German immigrants were the first farmers in southwest Louisiana to raise rice for market and to see the potential of growing rice on high land. Until that, the prairie was used only for grazing half-wild cattle. That had begun to change by September 1880, when the St. Landry Democrat reported:
“At the lower end of Faquetaïque Prairie, at what is usually called ‘German Settlement’ the land has always been considered completely worthless. But this year about 4,600 barrels of rice will be produced in that neighborhood and within a very small compass, not extending up the prairie, which is quite narrow here — not more than three or four miles. This rice in the ‘rough’ will net about four dollars per barrel. So we have here a small neighborhood where they used to produce absolutely nothing for sale, a revenue of $16,000. The rice lands in this neighborhood, the marshes, which were once considered not only worthless but a nuisance, are now the most valuable; and it will not be long before they cannot be bought for any reasonable price.”

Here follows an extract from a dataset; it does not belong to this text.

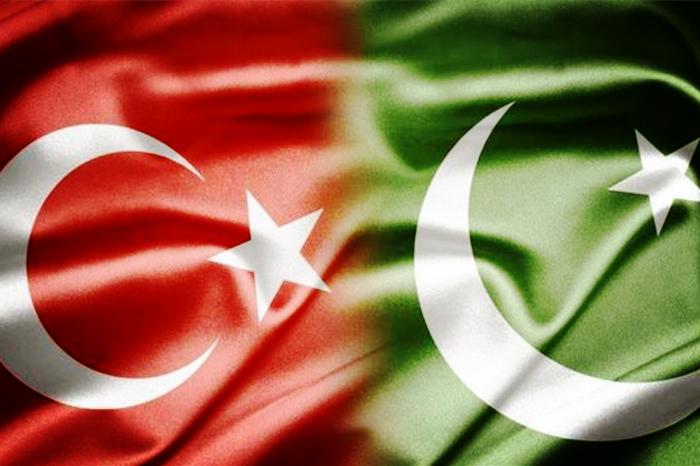 彩虹4打土耳其无人机,沙特和中国彩虹4无人机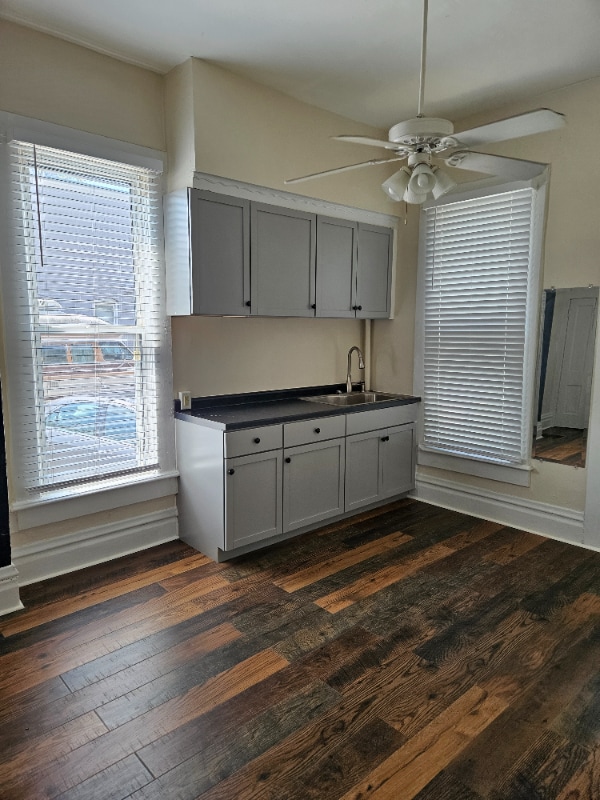 Building Photo - 120 W 5th Ave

The crop became a mainstay in south Louisiana after the railroad cut across the prairies, connecting New Orleans to Houston, and the prairies to larger markets. Rice from the Nicholas Zaunbrecher farm at Roberts Cove was the first to be shipped by rail to New Orleans. The rice was brought to Bayou Plaquemine Brûlée by wagon, loaded on a boat, then reloaded on wagons for the remainder of the trip to the railroad.
The harvest grew from there. In 1886, Southern Pacific shipped two million pounds of rice from the prairies to New Orleans. Six years later, rice shipments had grown to 200 million pounds.
But, according to southwest Louisiana historian Donald Millet, the first truly large commercial rice crops began when farmers from the Midwest came here with the idea that they could grow wheat. That didn’t work because there was too much clay in the soil.
They grew rice instead, and in 1884 used for the first time a machine, called the twine-binder, that had been invented by Cyrus McCormick who is best remembered for invention of the mechanical reaper. The binder was used to tie the top shocks of wheat (or rice) together for easier harvesting and handling.
“It is true that German settlers in the 1870s had produced rice for commercial purposes,” Millet wrote in a study of the industry, “but this was never done on a large scale. With the introduction of the twine-binder and other mechanical devices within a short time thereafter, rice production soared. Sizes of farms increased from a few acres in the early 1880s to hundreds and thousands of acres by the end of that decade. The demand for mechanical devices increased in proportion to the size of farms and the demand for rice.”
You can get an idea of how quickly the industry grew by looking at railroad car loadings from the prairies. Southern Pacific shipped about 250 cars of rice in 1884; over 1,000 in 1889; 2,000 in 1890; 5,000 in 1891; and 10,000 cars in 1892 and 1893. And that was just the beginning.
In 2017, Louisiana farmers harvested $313 million worth of rice grown on 400,000 acres, according to the U.S. Department of Agriculture. That’s a pretty good jump from throwing rice in a puddle and letting Providence take over.